A few days ago, the New York Times Room For Debate page addressed issues around a woman’s choice to pursue education versus bearing / caring for children.
With more education, women have fewer children and, with fewer children, they’re more likely to pursue education – and thus reap the benefits.
Apparently we’re looking into this simplistic interpretation not only for causation, but the possibility of more nuance. We’re concluding that education doesn’t cause women to bear fewer children, though the two are related.
Isn’t this obvious?
And why should we care?
Schools vs Playgrounds
According to Professor Joel E. Cohen, in his article, “Schools or Playgrounds”, since education and childbearing impact women’s prospects in life,
Economists, policy makers and politicians care because education and childbearing shape economic development and population growth.
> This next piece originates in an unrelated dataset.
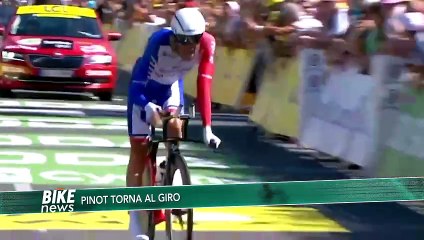 BIKEnews Martedì 13 Dicembre 2022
Well, that makes sense. The more schooling – the fewer children. Or so it would seem, which leads one to believe that we could manage population by increasing education levels. And demographers have been watching and studying exactly that.
A no-brainer, don’t you think?
With a bit of knowledge we’re all more likely to use birth control and experience fewer teen pregnancies. With more education, we’re more likely to want to pursue interests, to establish careers, and defer having children – in part so we’ll be able to support them. And studies (cited in the series of articles) reflect that the trend toward fewer children among (better) educated women is seen in countries as diverse as Norway and Niger.
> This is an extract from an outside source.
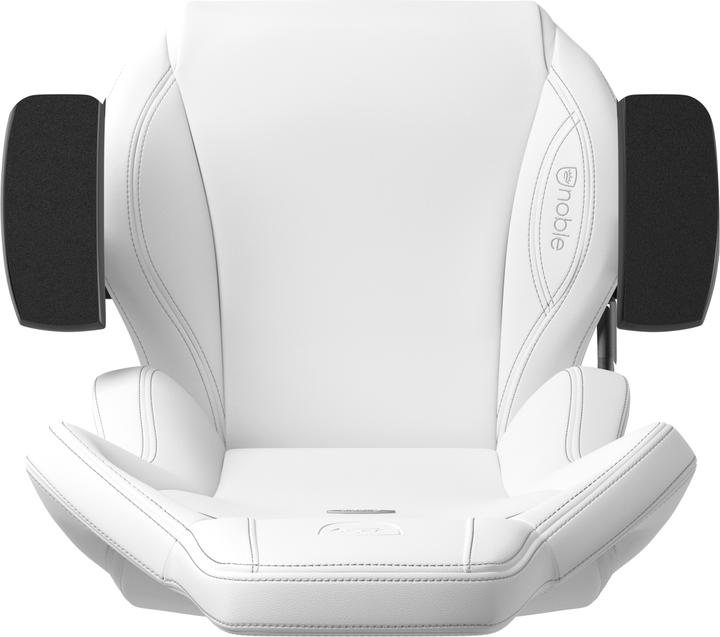 Image du produit noblechairs EPIC - Édition blanche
But it’s not as simple as schooled or unschooled. Economics, culture, and evolving cultural change come into play.
Women’s Lives – Common Sense
Again, most women would say this is common sense, which is exactly what frustrates me about this sort of discussion and research – and conclusions like the one referenced in a Norwegian study:
… childbearing kept Norwegian women from pursuing a higher education more than education impeded childbearing.
Hello? Are we surprised?
But let’s not forget the desire to establish causation! I refer you to the issue of the chicken-or-the-egg, as presented by Professor Parfait M. Eloundou-Enyeuge of Cornell. At least he suggests that this isn’t an “either-or” proposition – that with more schooling women bear fewer children, or that with more children, women’s prospects are less bright.
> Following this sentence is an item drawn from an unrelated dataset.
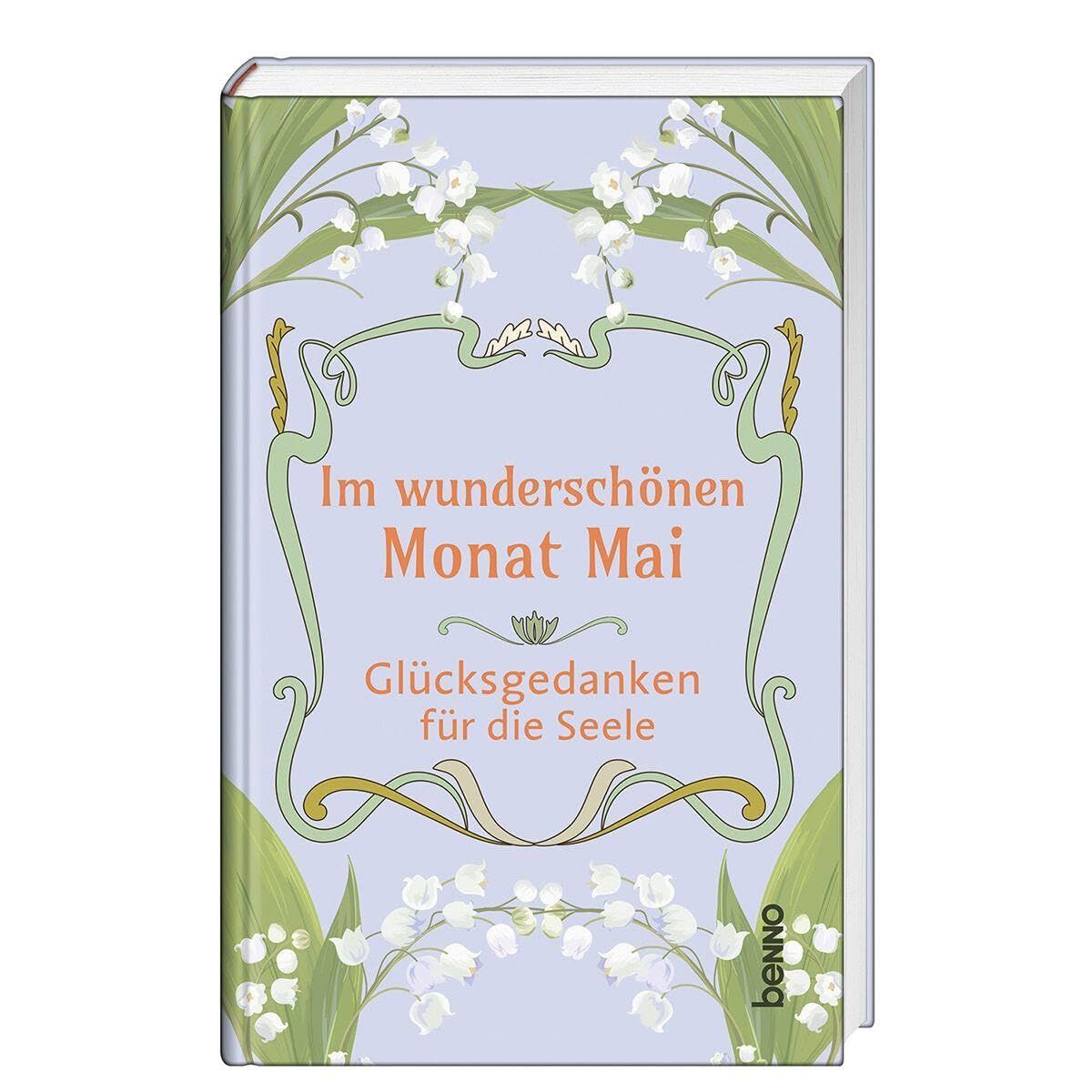 Im wunderschönen Monat Mai - Neuware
He says it’s a matter of “how much” these issues come into play.
Still, I’m shaking my head. I’m sputtering. I’m wondering if my tax dollars are funding any studies here at home. And I do believe that it’s important to arm ourselves with information so we can make good policy decisions. But this? Really?
I suspect that Didi from Philadelphia would agree that our attention is better aimed elsewhere – on health care, childcare options, and unemployment. It’s her comment that says it all for me, following Professor’s Eloundou-Enyeuge’s article.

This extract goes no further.